EXERCISE: Your answer should be the data below, reproduced with nothing changed.
++++ DATA SEGMENT
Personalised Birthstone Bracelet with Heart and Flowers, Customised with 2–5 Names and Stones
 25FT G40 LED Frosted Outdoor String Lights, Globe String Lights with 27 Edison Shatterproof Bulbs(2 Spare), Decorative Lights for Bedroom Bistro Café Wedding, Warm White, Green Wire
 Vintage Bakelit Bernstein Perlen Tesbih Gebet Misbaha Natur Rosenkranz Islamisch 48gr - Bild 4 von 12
++++++++
TASK RESULT:
Personalised Birthstone Bracelet with Heart and Flowers, Customised with 2–5 Names and Stones
 25FT G40 LED Frosted Outdoor String Lights, Globe String Lights with 27 Edison Shatterproof Bulbs(2 Spare), Decorative Lights for Bedroom Bistro Café Wedding, Warm White, Green Wire
 Vintage Bakelit Bernstein Perlen Tesbih Gebet Misbaha Natur Rosenkranz Islamisch 48gr - Bild 4 von 12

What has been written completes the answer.